Now, there are different types of interference. Two of those include constructive interference and destructive interference. Total constructive interference happens when the peaks and troughs of two or more waves perfectly meet up. When added together, you can construct a larger wave, the size of which is equal to the sum of the heights and depths of the two waves at each point where they are physically interacting.

On the other hand, total destructive interference occurs when the peaks of one or more waves meet and match the troughs of an identical wave. Adding these together results in them cancelling each other out, hence the term “destructive.”

In phase shifting interferometers (PSI), the reference is moved in precise increments proportionately to the test surface using mechanical oscillation. This method is used for sectional surface characterization that requires the interference data acquired during each phase shift to be digitized.

Each increment is a tiny fraction of movement, adjusting the reference surface by mere nanometers. The interferometer captures a new frame of data each time the reference is changed. Once completed, a full 3D image is created, showing the determined surface height or wavefront error.

Fizeau interferometers are commonly used for testing surface figure, flatness, and parallelism of components such as optical flats. Generally, a fabricated lens or mirror is compared to a reference piece that has the desired shape. This is accomplished by using a beam splitter to divide the beam from a laser source.

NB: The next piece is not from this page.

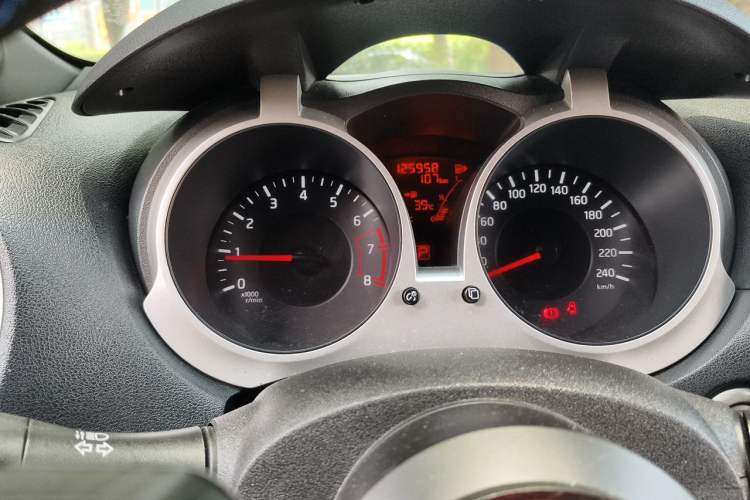 Used Infiniti ESQ 2014 1.6L Spontaneous Edition Instrument Cluster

The reference beam is directed at a high-quality surface, while the test beam is directed to a test surface, or through a test optic and then onto a reflective mirror. As the reflected beams return through the beam splitter, they recombine at the sensor, or camera. This creates an interference pattern, which occurs because of the differences in phase of the two different laser beams as they reflect off of each distinct surface.

The camera records this information as a single measurement frame. It is possible to combine several measurement frames in order to measure the heights of every point on the test surface, or measure the change in wavefront caused by the beam passing through the optic. Wavefront measurement is used to determine the optical quality of an optical component or system. Multiple frames of data are acquired using methods such as phase-shifting.

A Twyman-Green interferometer, like the Michelson interferometer, is a type of amplitude-splitting laser interferometer used to test optical components, assemblies, systems, and optical-grade mechanical surfaces. In fact, it is a variant of the Michelson interferometer. Testing involves measuring the surface shape and transmitted wavefront quality.

These devices work similarly to a Fizeau interferometer, where a light source produces a beam that’s collimated and split in two by the beam splitter. Each beam travels to their respective surfaces, recombining to form an interference pattern.

One particular advantage of the Twyman-Green interferometer is its ability to measure in small locations based on its compact design, resulting in easy positioning despite difficult-to-reach locations. Twyman-Green interferometers are well-suited for measuring larger, concave optics, focal optical systems, aspherical optics or lenses, and moving systems such as adaptive optics and flexible membranes.

PSI are limited by their sensitivity to vibration, and are often moved off the shop floor into metrology labs for controlled measurements. Phase shifting requires sequential adjustments, which has a long enough exposure time that the interferometer inadvertently picks up on any vibrations occurring.

This reduces the accuracy of the measurements taken. To combat the shop floor’s mechanical disturbances, dynamic interferometers are used, as they are impervious to most noise and vibration issues.

These instruments take all measurement data simultaneously, making accurate readings possible in a hectic environment. Dynamic interferometers make it possible to capture images in four quick phase shifts, with incredibly short exposure time. This permits single frame, measurable recordings.

A white light interferometer relies on white light, rather than a laser source. It is commonly used to measure surface roughness of an object using the same principles as the Michelson interferometer.

Using a beam splitter, the light is divided into two separate beams that interact with the test object and reference object, similarly to a Fizeau interferometer. The beams recombine, forming an image through the sensor camera after being reflected off the object’s surfaces, ultimately creating an interference pattern. This phenomenon is used to measure the roughness of the test surface, as well as other sectional topography, including waviness.

White light interferometers are capable of measuring objects with sub-nanometer precision over a wide FoV. White light interferometry is old in comparison to other interferometric techniques, however, the use of white light can eliminate coherence noise such as spurious fringes and speckles that are present when using a laser source, as well as ambiguities in height that are present while using monochromatic interferometry.

Visual scanning interferometry (VSI), or coherence scanning interferometry (CSI) is an example of a technique applied when using white light as the light source during interferometric measurement. VSI can be used for high resolution measurements of samples with large step heights.